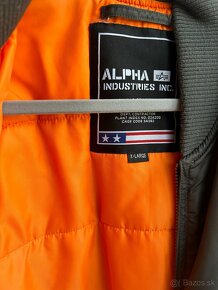 Alpha Industries bomber bunda - 3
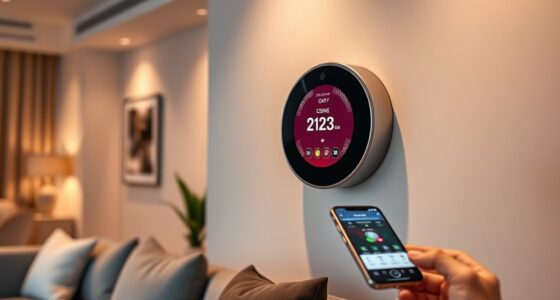 smart thermostat scene automation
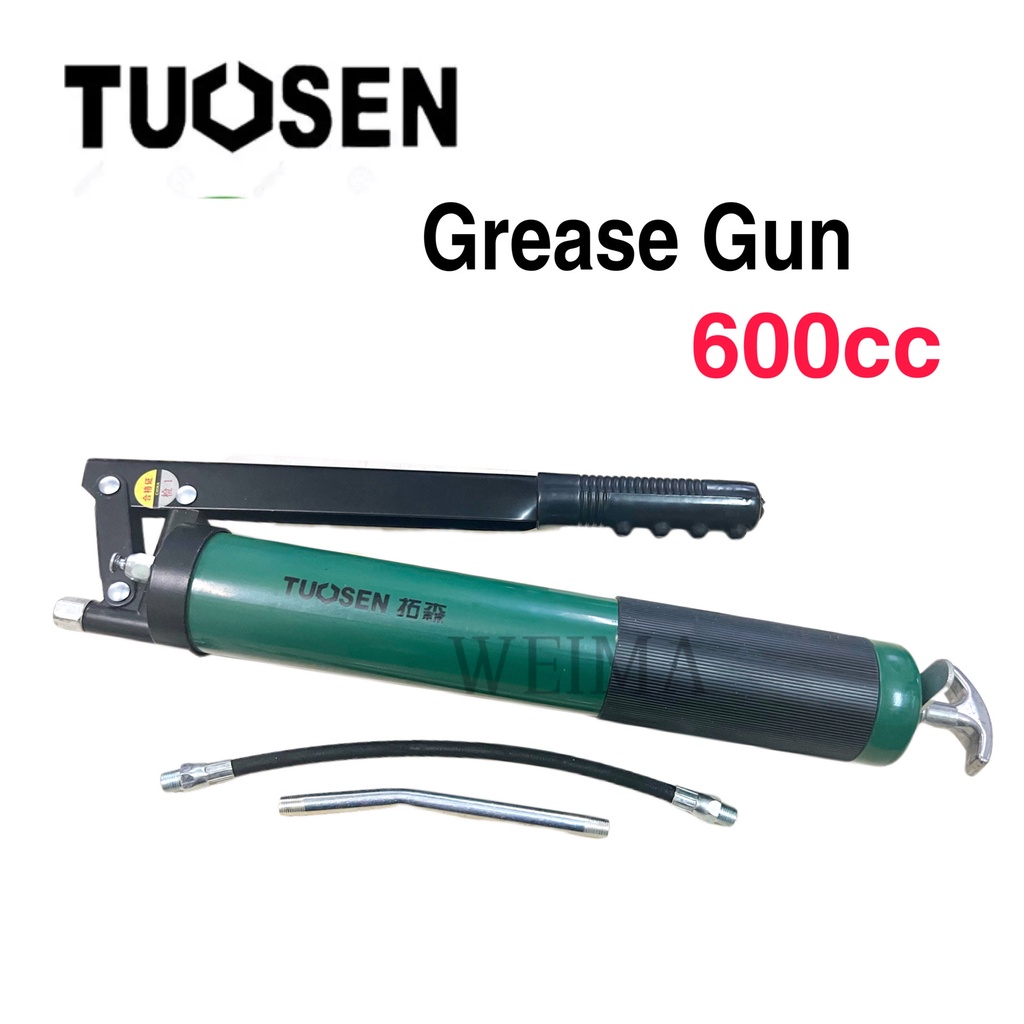 **CLEAR STOCK** Tuosen Grease Gun Hand Oil Pump 600cc | Shopee Malaysia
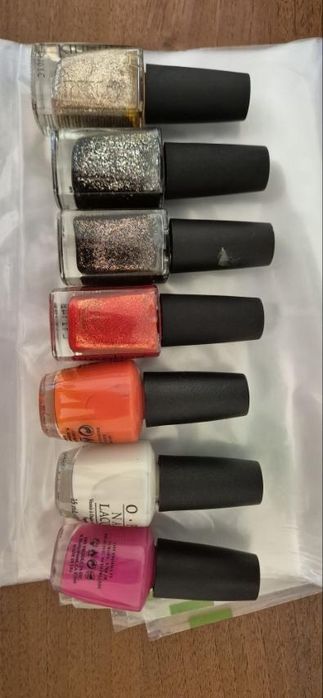 Лак для ногтей "Kinetics" и "OPI"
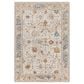 Surya Tuscany TUS-2330 Brown, Cream, Light Beige, Blue, Bright Yellow and Dusty Coral 12" x 15" Area Rug, , large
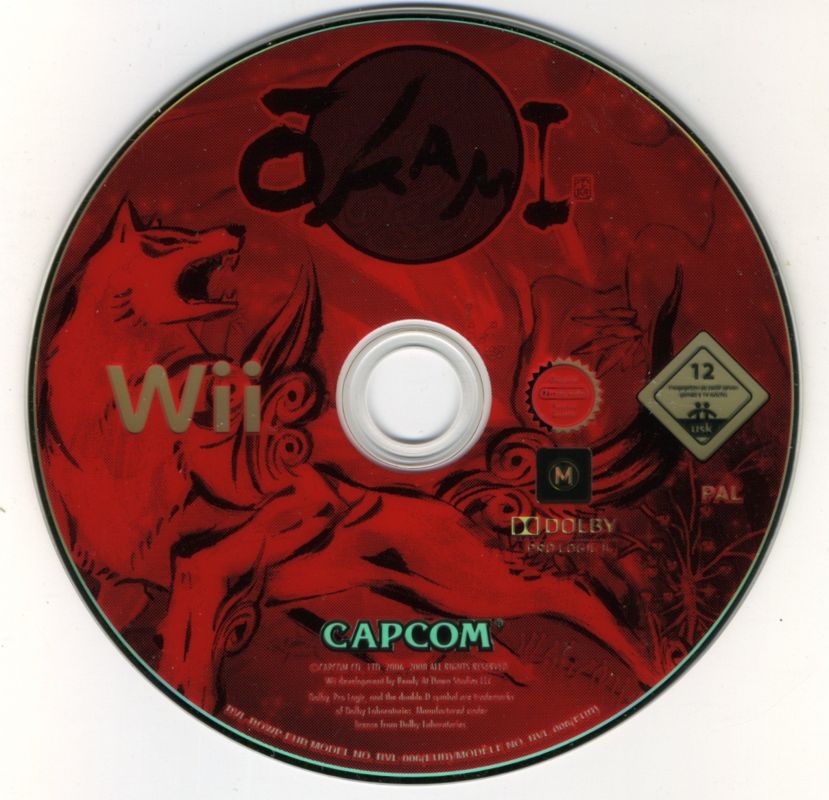 Media for Ōkami (Wii) (HMV exclusive release)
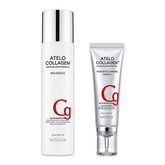 MISSHA Atelo Collagen Skin Essence 150ml, Powerful Plumping Cream 40ml (3 Options)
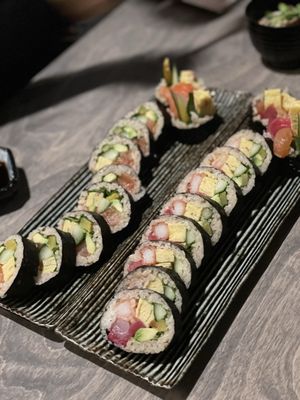 The Roll by null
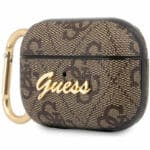 Guess 4G Script Brown AirPods Pro Tok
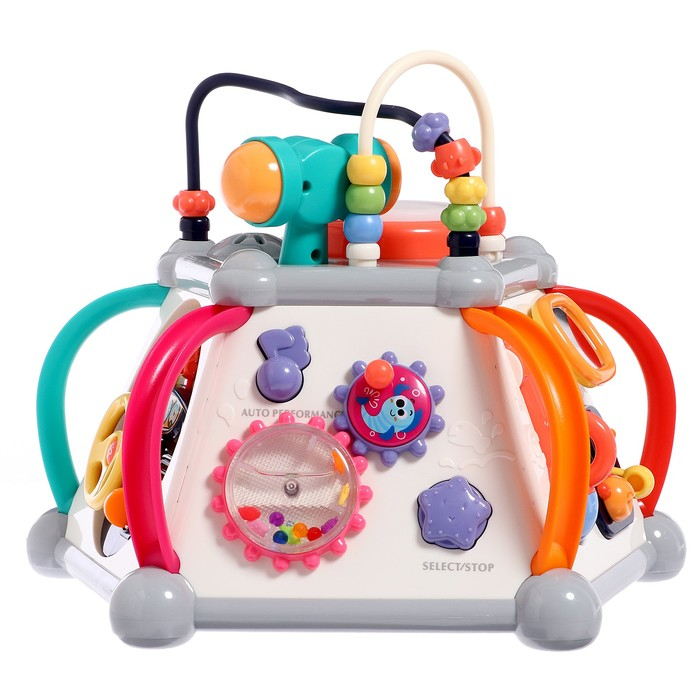 Развивающая игрушка &laquo;Логический центр&raquo;, звуковые эффекты, МИКС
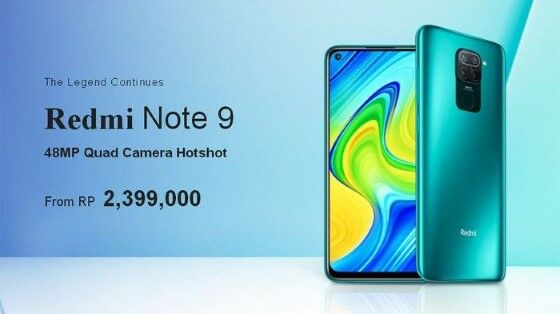 Redmi Note 9 - Harga dan Spesifikasi Terbaru 2020 | Jalantikus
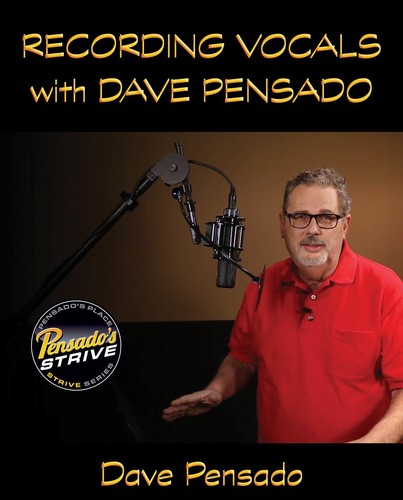 Cover for Recording Vocal with Dave Pensado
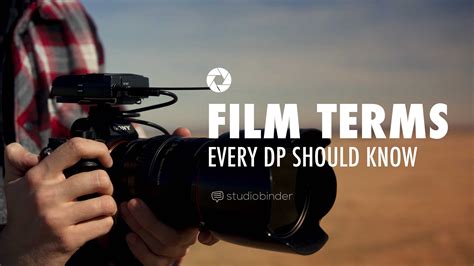 Cinematography and Film Terms Every Working Filmmaker Should Know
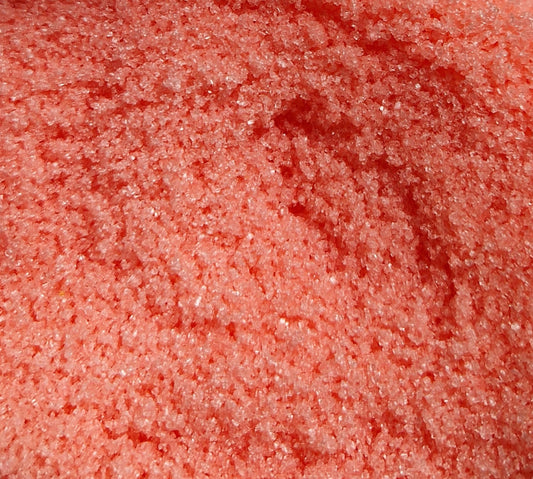 Strawberry Crystal Sherbet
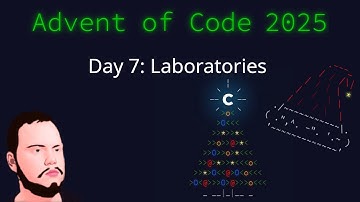 Advent of Code 2025 C# - Day 7: Laboratories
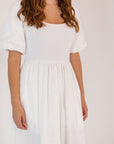 Carnegie Mixed Media Dress
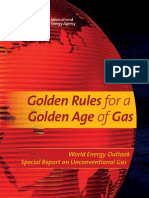 Golden Rules for a Golden Age of Gas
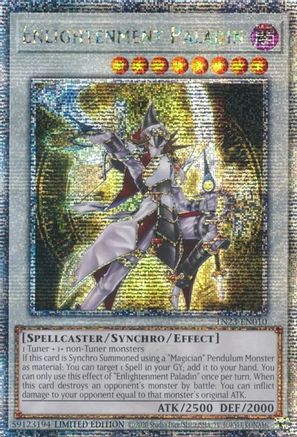 Enlightenment Paladin [TN23-EN010] Quarter Century Secret Rare - Trinity Hobby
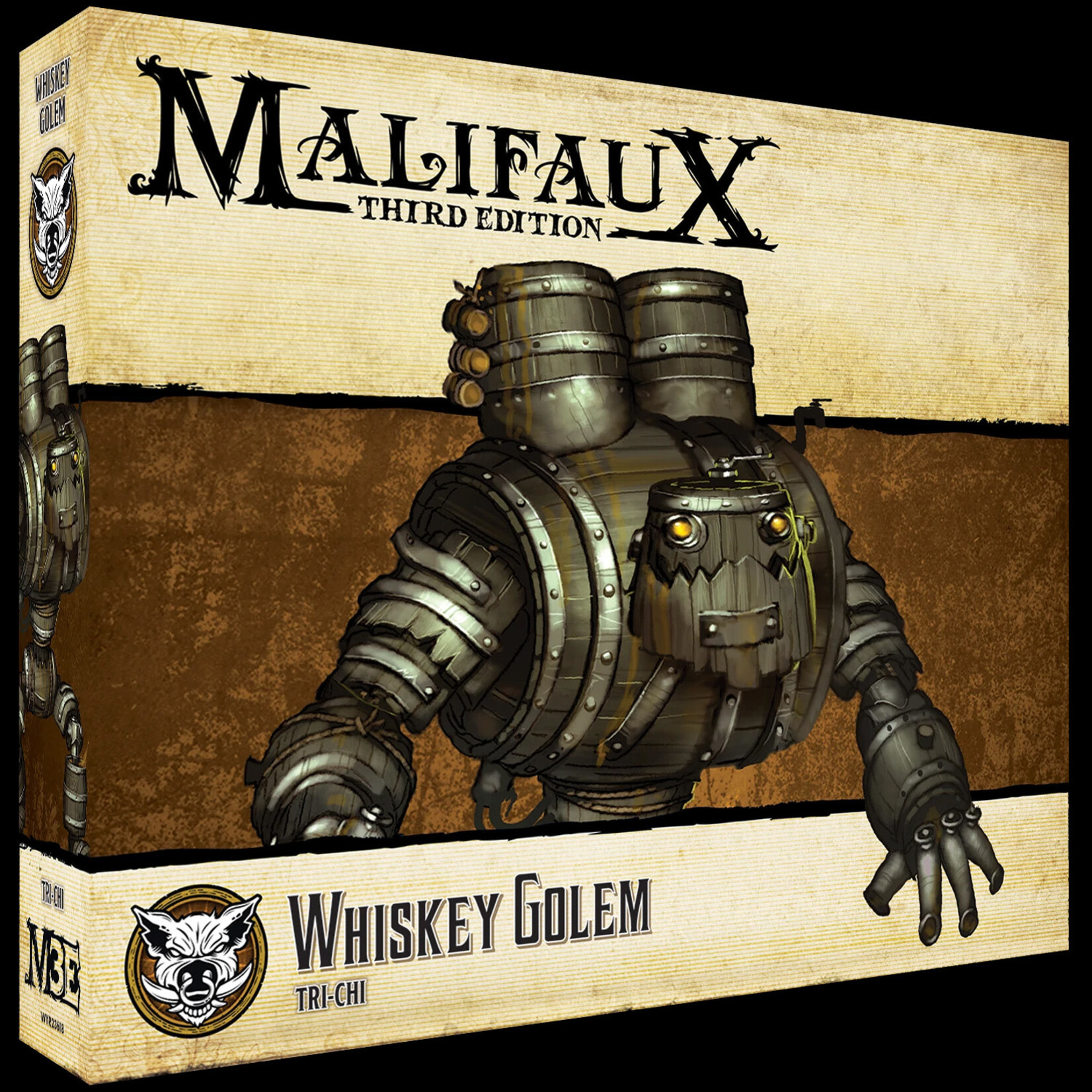 Wyrd Games Whiskey Golem - Malifaux 3E - Bayou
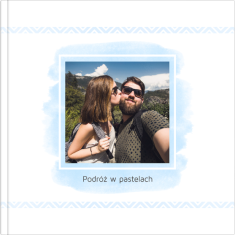 fotoksiążka Podróż w pastelach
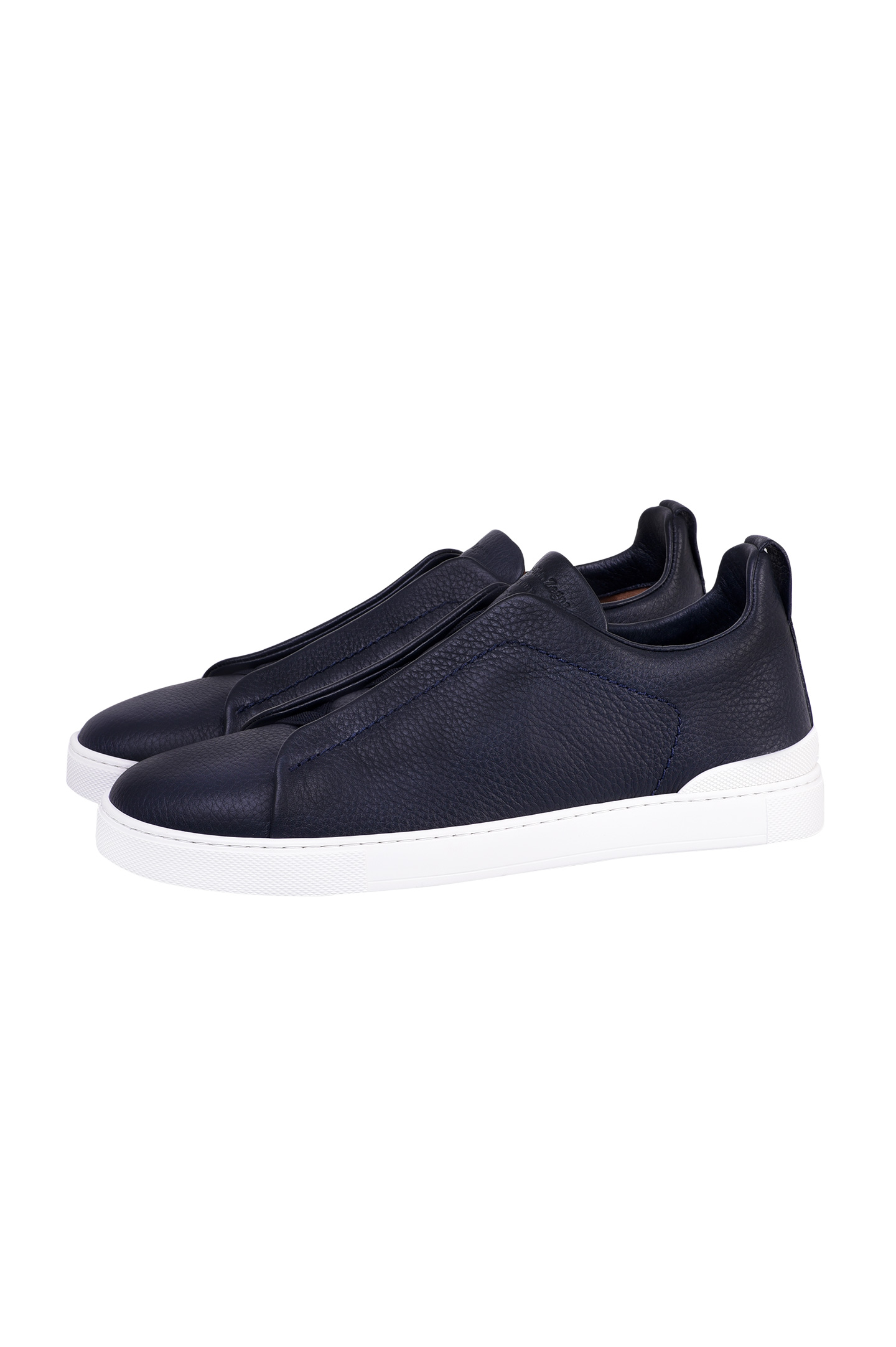 Кеды ERMENEGILDO ZEGNA LHCVO A4667X, цвет: Синий, Мужской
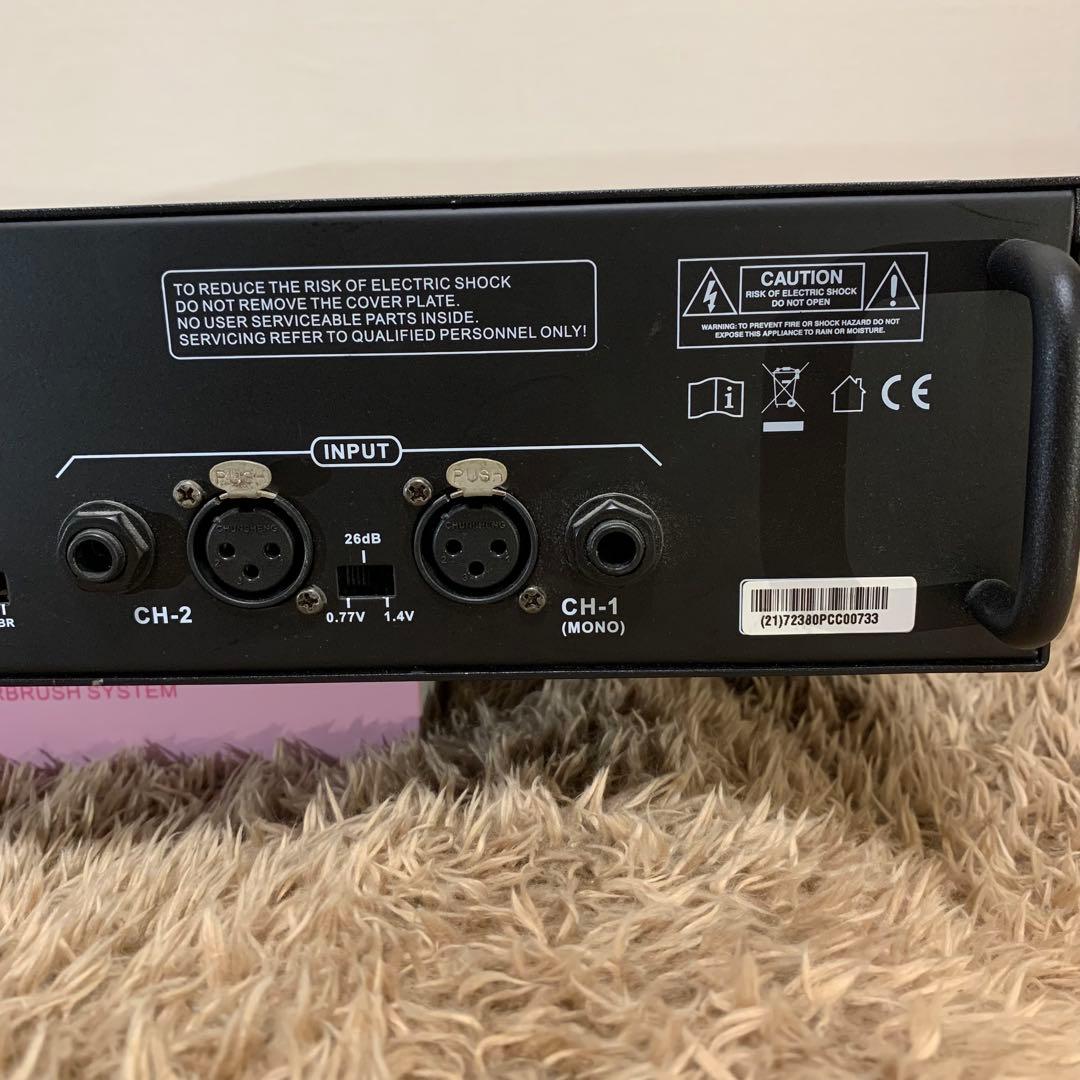 Thomann t.amp S-150mk2 通電OK リレー動作 ジャンク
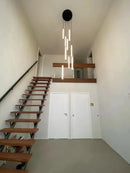DecorBites™ LED Spiral Ceiling Chandelier - Home Decor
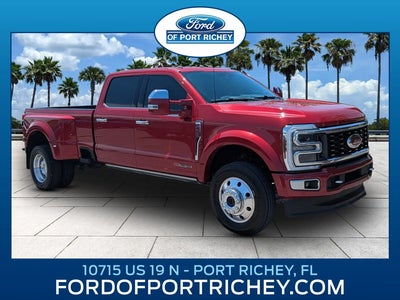 Photo of a 2024 Ford F-450 Super Duty 4X4 Platinum 4DR Crew Cab 8 FT. LB DRW Pickup for sale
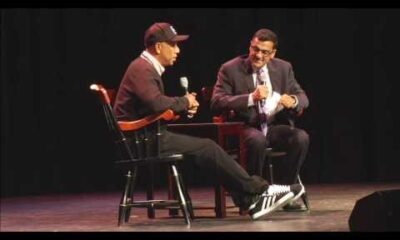 Salam Al-Marayati of MPAC honors Russell Simmons at USC event.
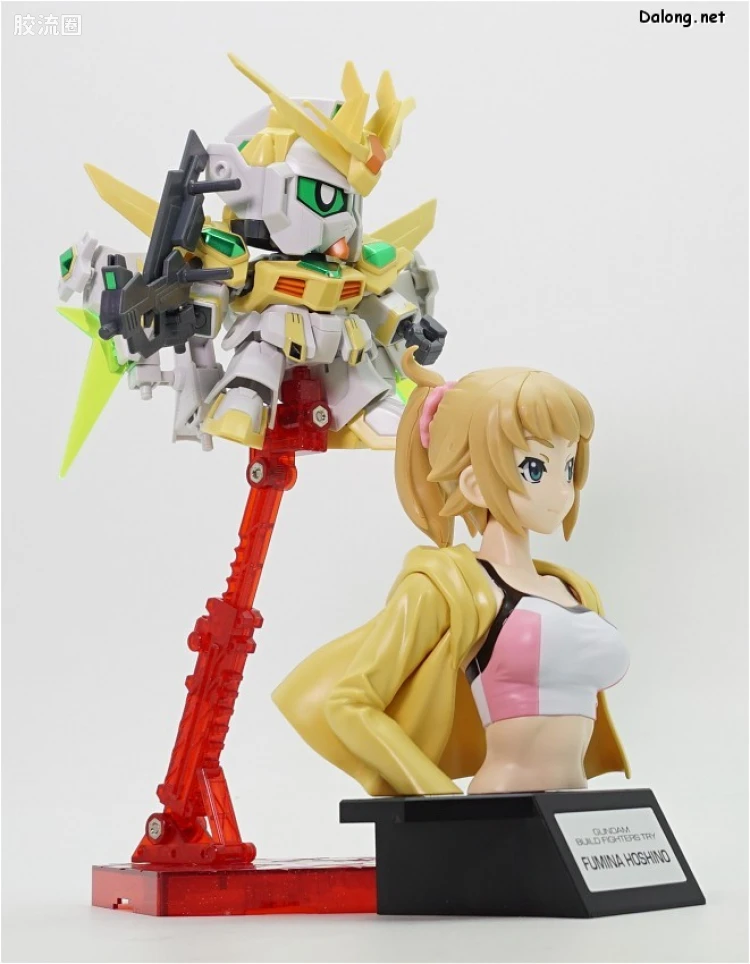 钢普拉Build 综合 Figure-rise Bust 星野文奈 - 图片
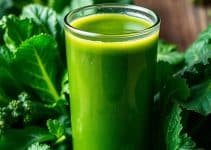 Kale-Spinach-Cucumber Juice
--
What you should do – Wherever a picture appears in the data, please drop it and retype the rest exactly.

Answer section –
 Alpha Industries bomber bunda - 3
 smart thermostat scene automation
 **CLEAR STOCK** Tuosen Grease Gun Hand Oil Pump 600cc | Shopee Malaysia
 Лак для ногтей "Kinetics" и "OPI"
 Surya Tuscany TUS-2330 Brown, Cream, Light Beige, Blue, Bright Yellow and Dusty Coral 12" x 15" Area Rug, , large
 Media for Ōkami (Wii) (HMV exclusive release)
 MISSHA Atelo Collagen Skin Essence 150ml, Powerful Plumping Cream 40ml (3 Options)
 The Roll by null
 Guess 4G Script Brown AirPods Pro Tok
 Развивающая игрушка &laquo;Логический центр&raquo;, звуковые эффекты, МИКС
 Redmi Note 9 - Harga dan Spesifikasi Terbaru 2020 | Jalantikus
 Cover for Recording Vocal with Dave Pensado
 Cinematography and Film Terms Every Working Filmmaker Should Know
 Strawberry Crystal Sherbet
 Advent of Code 2025 C# - Day 7: Laboratories
 Carnegie Mixed Media Dress
 Golden Rules for a Golden Age of Gas
 Enlightenment Paladin [TN23-EN010] Quarter Century Secret Rare - Trinity Hobby
 Wyrd Games Whiskey Golem - Malifaux 3E - Bayou
 fotoksiążka Podróż w pastelach
 Кеды ERMENEGILDO ZEGNA LHCVO A4667X, цвет: Синий, Мужской
 Thomann t.amp S-150mk2 通電OK リレー動作 ジャンク
DecorBites™ LED Spiral Ceiling Chandelier - Home Decor
 Photo of a 2024 Ford F-450 Super Duty 4X4 Platinum 4DR Crew Cab 8 FT. LB DRW Pickup for sale
 Salam Al-Marayati of MPAC honors Russell Simmons at USC event.
 钢普拉Build 综合 Figure-rise Bust 星野文奈 - 图片
 Kale-Spinach-Cucumber Juice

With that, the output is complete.